Images du jour : une Police nationale peuplée de petites frappes

nouvel épisode le 19 janvier 2023

un flicard (Leo Kekemenis / Encrage)

Le 19 janvier 2023, sur le boulevard Beaumarchais, à Paris, lors de la manifestation syndicale pour la défense des retraites, un fonctionnaire de police des CSI (compagnies de sécurisation et d’intervention de la Préfecture de police, bandes bleues sur le casque) a mutilé un photographe.

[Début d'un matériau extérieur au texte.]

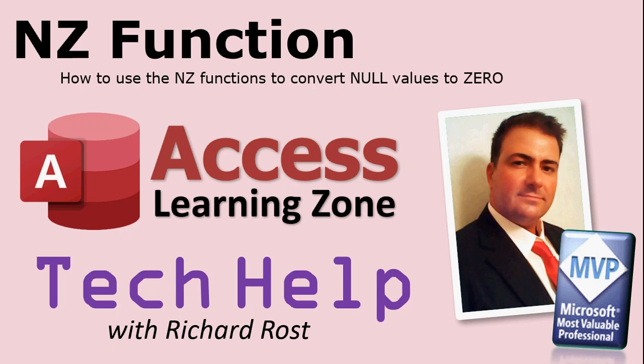Welcome to another Tech Help video brought to you by AccessLearningZone.com. I am your instructor Richard Rost. In today's lesson, I'm going to teach you how to use the NZ function, that's a function that allows you to change null values into zero or any other default value that you want.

L’homme était tombé au sol, portait en évidence son appareil de la main droite, en hauteur, pour ne pas l’abîmer. A plusieurs mètres, le vil archer du guet est sorti des rangs et a piqué sur le malheureux, ignorant au passage d’autres photographes ou manifestants qui étaient debout, a porté délibérément un coup de matraque à l’entrejambe de la victime, dont un testicule a été amputé par la suite à l’hôpital. Son lâche forfait commis, le voyou s’est précipitamment réfugié derrière le rang formé par ses collègues

(Captures d’écran de vidéo)

Georges Clemenceau a dit au début du XXème siècle que la Police judiciaire était la seule police qu’un État démocratique puisse avouer. De mes longues années en qualité d’inspecteur de police et officier de police judiciaire, avant le XXIème, avant que les réformes successives, de Charles Pasqua, en 1995, à Gérald Darmanin, en 2022, n’achèvent de la ravager, je dispose de quelques vieux restes de Droit pénal spécial.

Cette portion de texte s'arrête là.